Нежные слова стерлись от частого употребления. Сквернословия смягчились повторением. Сломана волшебная палочка зачарованных слов и самих чар. Слова духовности втиснуты в плоть. Слова плоти обряжены в противные белые платья. Площадная праща лишь мечет и мечет свою брань. Таково наследие мертвых.
Мертвые едут на работу, трутся друг о друга серые руки трупов в разверзнутой могиле, громоздятся штабели в оцинкованных гробах машин, подземки и поездов. Жуткие экипажи раскрашены в яркие цвета – цвета гильотин, их корзин и лезвий, радостные, как сама казнь. Каждый мужчина, каждая женщина восходят на собственный эшафот, опускаются на колени, а их убивают – день за днем. Все подбирают свои отрубленные головы, садятся в метро и едут домой. Некоторые говорят, что работа им нравится.
Время насмехается над ними, но они не слышат. В их ушах лишь спортивные сводки и биржевой индекс «Файнэншл таймс». Время засело у них в грудных клетках и смеется над ними, но язык его древен, и они его не слышат. Время делает свое дело и оставляет рукопись червям.
Почему мертвые отказываются от жизни? Закладывают часы, которые нельзя будет выкупить?
«ПРОДАЕТСЯ: МОЯ ЖИЗНЬ. ПОЛУЧИТ ТОТ, КТО ПРЕДЛОЖИТ САМУЮ ВЫСОКУЮ ЦЕНУ».

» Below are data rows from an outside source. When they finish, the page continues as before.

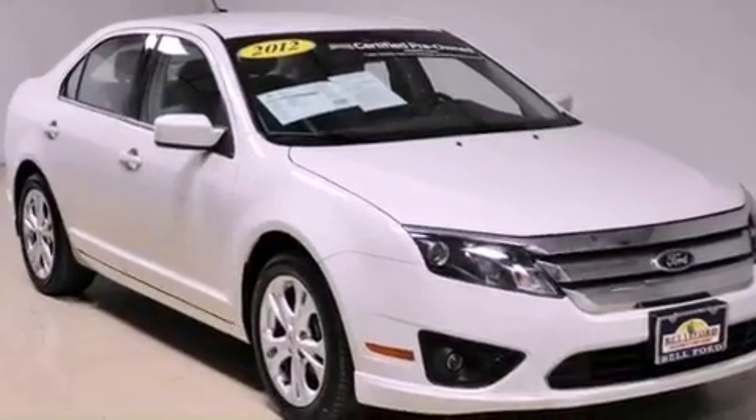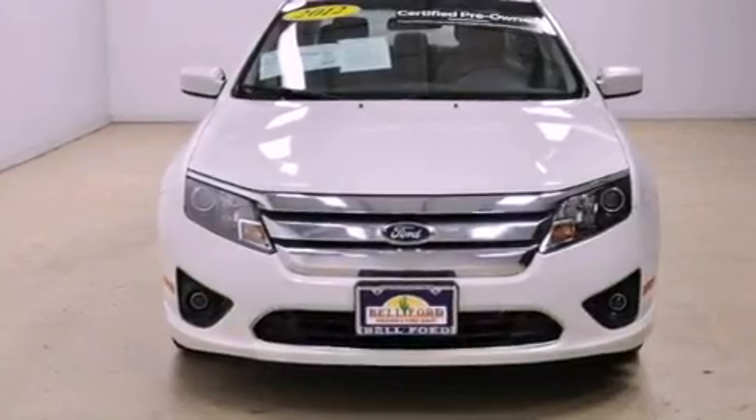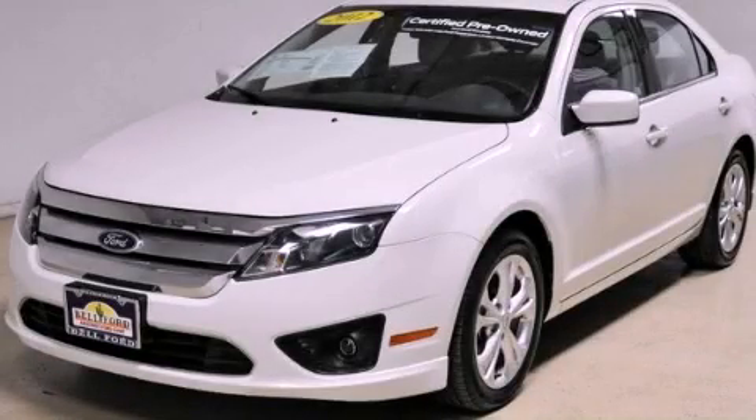With an EPA estimated rating of 33 miles per gallon on the highway, this automobile pays off in the long run. Contact us today to schedule your opportunity to see this automobile in person.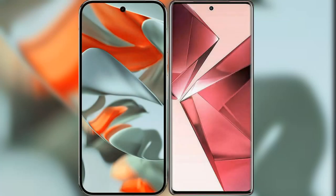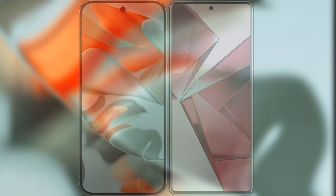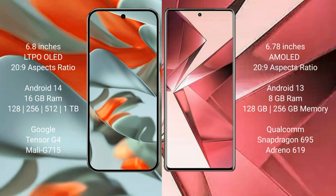I will compare the new Google Pixel 9 Pro XL with VOV29E. The Google Pixel 9 Pro XL features a 6.8-inch LTPO OLED display with a Snapdragon 20H29 chipset. The VOV29E features a 6.78-inch AMOLED display with a Snapdragon 20H29 chipset.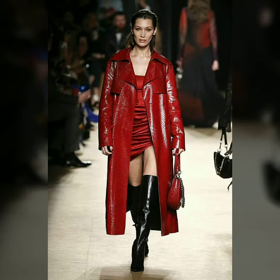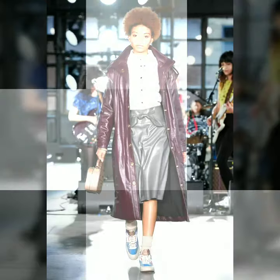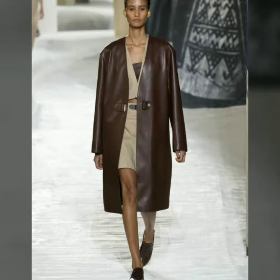Hello dear friends, welcome to my channel. Today I am going to share with you very stylish and latest designs of leather long coats for women and girls. All these designs are very stylish and trendy. I must suggest you to watch this video till the end.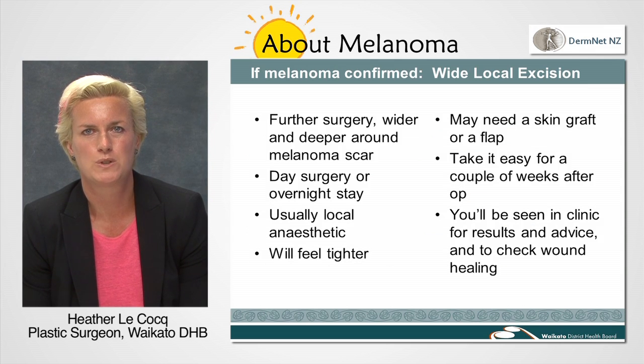Once you have been told you have a melanoma, we will advise you about the further treatment known as a wide local excision. This involves removing a larger chunk of tissue around the scar where your melanoma was. Research and studies have shown clearly that by removing a further 1-2cm all the way around the scar, there is a reduced risk of your melanoma returning in the same place.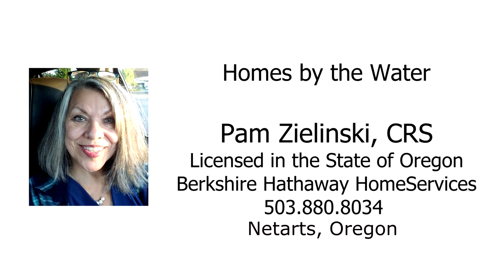For more information, or to find your home by the water, please contact Pam Zlinski with Berkshire Hathaway Home Services at 503-880-8034.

Рукопашная между живым и мертвым. Поэт и слово оживляют друг друга изо рта в рот. Поцелуй меня лощиной рта – котлованом, из которого добывают слова, занесенные песками времен. Поцелуй меня лощиной рта, и я заговорю на языках.
Ее поцелуй; ласка или приветствие губами; бильярдные шары, что сталкиваются, катясь; капля сургуча.
Губы ее подобны алым виноградинам – не спелые, всегда манящие. До сбора урожая еще несколько месяцев. Я боюсь морозов, боюсь града, боюсь гнили и ожога. Я боюсь проспать восход солнца. Пусть солнце взойдет. Пусть настанет день, когда она созреет в моей ладони.
Почему я тоскую по другому времени? Почему хочу, чтобы часы шли быстрей, если моя жизнь зависит от того, сумею ли я сдержать руки стрелок. Почему? Я хочу целовать тебя.
Поцелуй меня лощиной рта, зубчатой впадиной желания. Поцелуй меня раздвинутым пространством, ниспровержением пристойности, восстановлением капища честных людей.
Поцелуй меня на зеленом сукне, где я играю тебя, как игру.
Она целует меня. Все слова, что есть, взлетают с ее уст стаей птиц, каркающих небесам. Крылатые машины несутся по всему миру, но дом ее – во мне.
Ее уста лепят слова. Ими она опаляет меня. Ее холодная чистая изложница тает, уступает, и она изливает теплый мед, созревший за долгую ночь.
Слово и поцелуй – одно.
Язык – это секс? Произнеси мое имя – и произнесешь секс.
Произнеси мое имя и произнесешь: белый песок под белым небом, белые силки моих бедер.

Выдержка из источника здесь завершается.